When I woke up, I saw an unfamiliar wall. Judging from its size, the room was quite small. I struggled to look around as I felt constrained. It felt like I had a giant rope tied around my torso. As I continued to move, the ropes twitched. I realised they were not ropes, but the arms of a young girl. I struggled to turn around and saw the sleeping face of an 8 year old girl. She was in an exhaustive sleep, but my movements alerted her. When she opened her eyes I saw her smile. It had been a long day for her. She looked at me. We stared at each other as I saw her lime green eyes. They radiated her curiosity and simultaneously showed me my reflection. I was surprised I could see it. First of all, babies shouldn’t have a good sight for a long time, often even tens of months and secondly my reflection should be too small to see in so much detail. This did not make sense. I noticed that my hearing was unnaturally good as well. But what do I know? This world is a foreign place to me. I have zero ideas about the common sense here. As I was thinking, the girl moved her arms and patted me on my head as she smiled. I played the ever interested baby as I reached for her fingers and pulled on them. The force could be barely noticed by her as she caressed my tiny hands. At first she was reluctant and scared but slowly she started adapting. Not long after she took a deep breath and stood up.

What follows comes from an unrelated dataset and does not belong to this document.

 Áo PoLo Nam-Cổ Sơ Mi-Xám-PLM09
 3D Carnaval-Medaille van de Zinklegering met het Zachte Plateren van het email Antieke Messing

She carried me to another room, where several other girls that looked about 10 to 16 years old. Most of them had newborns in their arms. As I was carried to an older looking woman, I heard the two converse:
“Tina, good job!”
“I am not ready yet. I never had to take care of a baby. I am still too inexperienced. What if I do something wrong? What if I do something that could ruin his childhood? What if I raise him t- *sob*”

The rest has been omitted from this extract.